Moran introduced us, and Kastel took his weight off the walking stick and shook my hand, bestowing me a friendly, if cautious smile.
“It’s nice of you to stop by, Mr. Heller,” he told me. “I consider Frank Nitti a true gentleman. One of the smartest, shrewdest businessmen in our field.”
“He speaks highly of you, as well.” Of course, I’d never heard Frank Nitti so much as utter a word about Dandy Phil Kastel; but a guy with a gold-tipped walking stick obviously had a certain sense of self-importance, so I played into it.
“What brings you here, Mr. Heller? Other than to ‘pay your respects.’”
“Well, uh…that’s basically it. Courtesy call.” I gave him a hard look that tried to send a signal: I didn’t feel comfortable talking in front of Moran. His eyes tightened ever so slightly-it was barely perceptible-but he’d gotten the drift.
Kastel gave Moran a bland glance that apparently sent its own signal.
Moran cleared his throat. “Yeah, well…if you don’t need me here, Phil, I’m gonna head back to the office, and mind the phones.”

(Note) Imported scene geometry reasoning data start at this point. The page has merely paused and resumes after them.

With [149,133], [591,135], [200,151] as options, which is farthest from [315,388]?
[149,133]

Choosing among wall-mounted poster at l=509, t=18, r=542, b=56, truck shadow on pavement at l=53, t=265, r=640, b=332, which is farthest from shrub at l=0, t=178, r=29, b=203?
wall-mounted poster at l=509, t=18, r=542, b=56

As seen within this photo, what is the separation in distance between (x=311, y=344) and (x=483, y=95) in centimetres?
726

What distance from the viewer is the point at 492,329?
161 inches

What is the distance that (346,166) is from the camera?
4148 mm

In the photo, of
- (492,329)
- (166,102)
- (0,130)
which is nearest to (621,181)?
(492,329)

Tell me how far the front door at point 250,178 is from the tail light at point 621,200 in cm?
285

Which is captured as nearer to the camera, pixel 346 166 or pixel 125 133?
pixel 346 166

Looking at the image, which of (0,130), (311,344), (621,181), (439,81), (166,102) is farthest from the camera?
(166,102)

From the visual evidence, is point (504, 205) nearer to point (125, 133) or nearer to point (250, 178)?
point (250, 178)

Kastel nodded his approval of that notion, and the chatty, overdressed mobster left me there with his boss. Or, that is, the man he “worked with.”
I gestured toward the slot machines, lined up St. Valentine’s Day Massacre-like, against one wall; others were being added to the lineup as the wooden crates were crowbarred off. “I see you have friends in Chicago.”
His smile was slight and sly. “Frank Costello has friends everywhere, Mr. Heller.”
“Call me Nate,” I said.
But he didn’t ask me to call him Phil.
“What’s the story on Moran?” I asked. “Is he Huey’s boy?”
“Only in spirit.”
“He says he doesn’t work for you.”
“Diamond Jim represents local interests. He’s something of a…liaison.”
“What, with Sam Carolla’s camp?”
Carolla was the New Orleans equivalent of Frank Nitti.
His glance seemed benign, but he was assessing me. “If you know anything about Frank Costello,” Kastel said, “you’ll know that his style is to cooperate, to collaborate, with local business.”
By local business, of course, he meant the local mob.
“Now, Mr. Heller…Nate. Why are you here?